*Description of the task*
Below this line are records; write out exactly the lines from the one containing "What To Know About Dental Crowns For Kids" through the one containing "症例写真,脂肪吸引の症例 お", with the pictures left out.

*** Opening Data under study ***

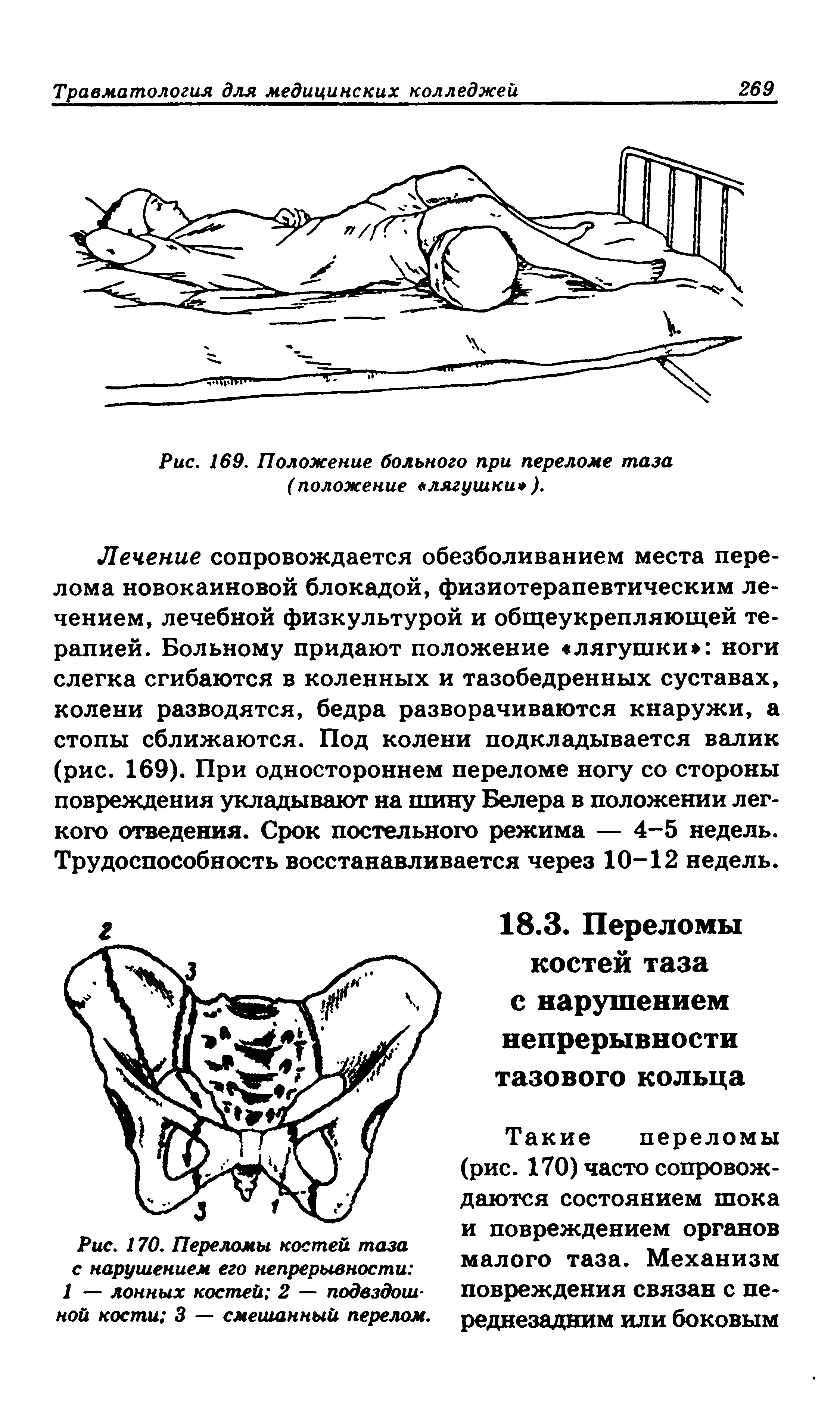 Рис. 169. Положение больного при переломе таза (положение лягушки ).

*** Closing Data under study ***
*** Opening Data under study ***

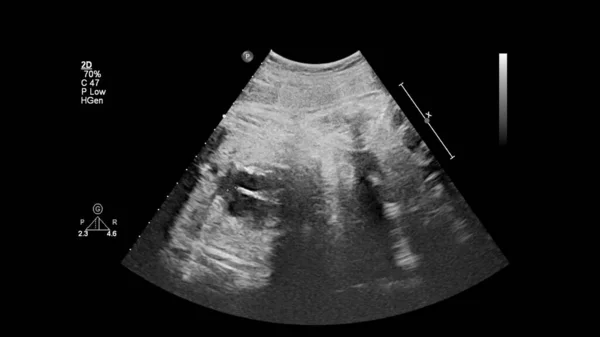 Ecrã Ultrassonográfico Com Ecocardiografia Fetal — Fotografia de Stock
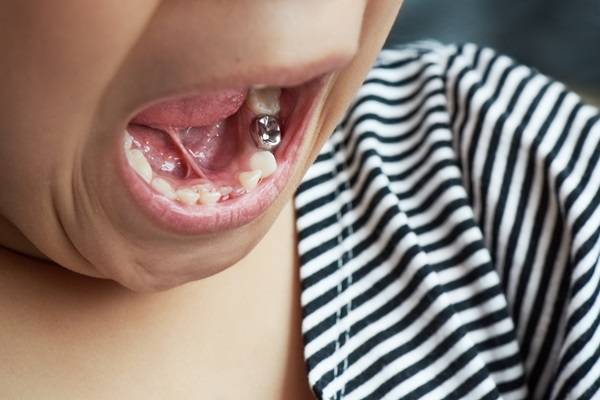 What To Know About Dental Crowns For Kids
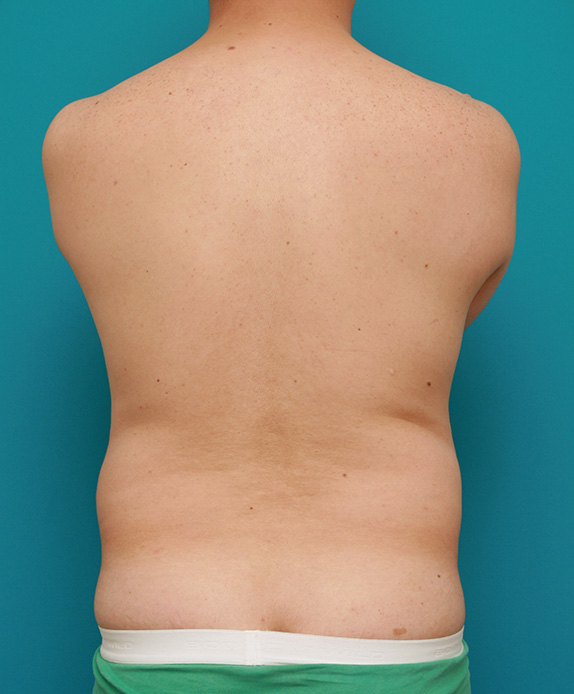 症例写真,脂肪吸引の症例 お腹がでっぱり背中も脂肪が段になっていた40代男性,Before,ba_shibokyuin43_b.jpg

*** Closing Data under study ***

*Completed exercise*
 What To Know About Dental Crowns For Kids
 症例写真,脂肪吸引の症例 お腹がでっぱり背中も脂肪が段になっていた40代男性,Before,ba_shibokyuin43_b.jpg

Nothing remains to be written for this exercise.